You’d think that getting out of town would be the easy part.

Not so much.

The city we live in sits at the juncture of a big river and a large lake. Sometimes it’s windy, which makes for great sailing, kiteboarding and the like. Big wind can mean big waves. And big waves can make for one rollickin’ ferry ride.

In a feat of physics and geometry, the fellows who run Horne’s Ferry managed to shoehorn 10 vehicles onto the small platform, toss the lines and move us safely from Point A to Point B, bobbing across the roiling waters of the St. Lawrence River. With the ferry holdup, the miraculous shoehorning and the slower-than-usual crossing, it took us about four hours to travel 15-kilometres (9 miles).

This six-week road trip is about finding out what’s unique about life along the lower stretches of the Atlantic coastline – through the Carolinas and Georgia – then turning inland and digging deep into the music, culture and history of the hills and mountains on the return trip north.

So, we packed the camper van, revved the engine, gave our house sitters some last minute instructions (Reminder if you’re reading this: No parties. Recycling goes out on Mondays.) and we were off.

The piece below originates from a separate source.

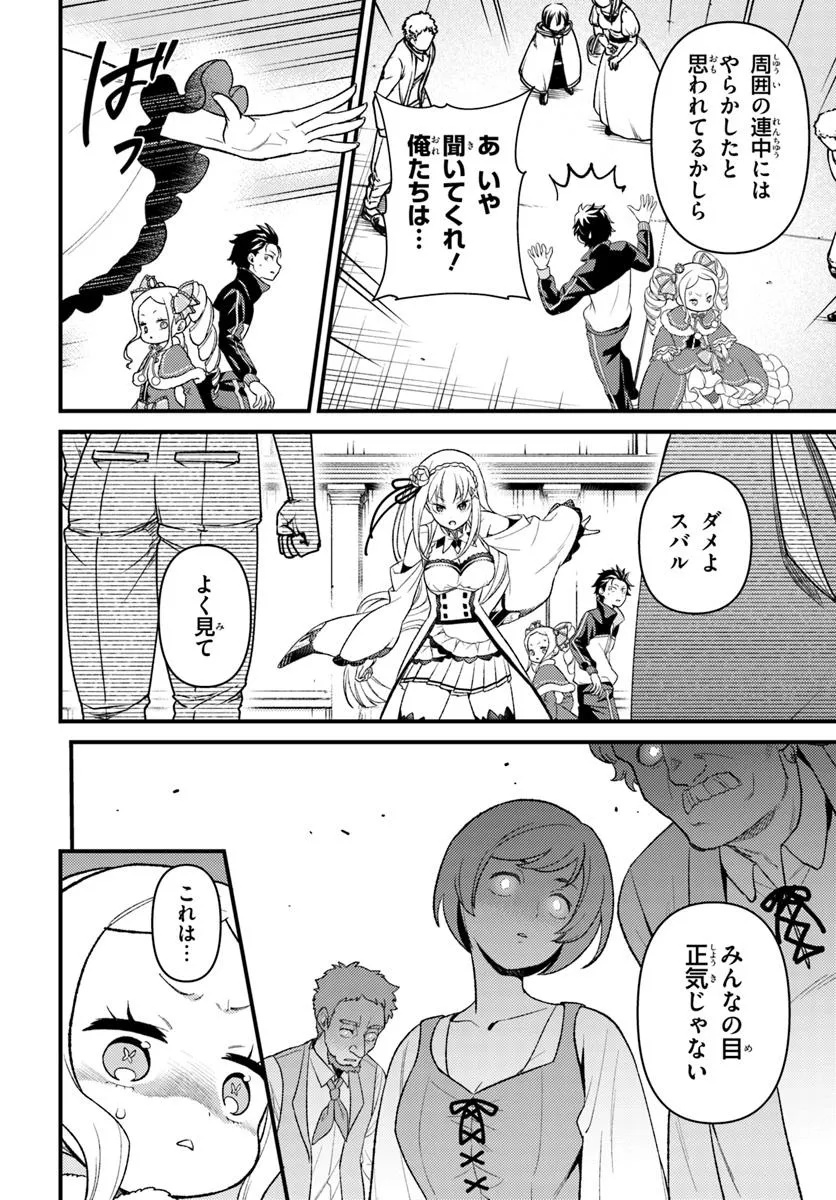 Re:Zero kara Hajimeru Isekai Seikatsu - Daigoshou - Mizu no Miyako to Eiyuu no Uta Chapter 11.2 7ページ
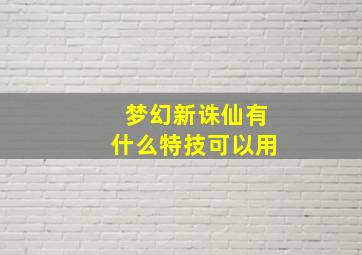 梦幻新诛仙有什么特技可以用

As soon as possible, we connected with salty water: driving down the Delmarva Peninsula (Delaware-Maryland-Virginia) that separates Chesapeake Bay from the mighty Atlantic Ocean. We tested the patience of a bemused local fisherman in Onancock, VA, peppering him with questions about how he cooks clams, oysters, shrimp, grouper and catfish. We went for the clams; scrubbed and then steamed in a mixture of Heineken, chopped tomatoes, garlic and onions.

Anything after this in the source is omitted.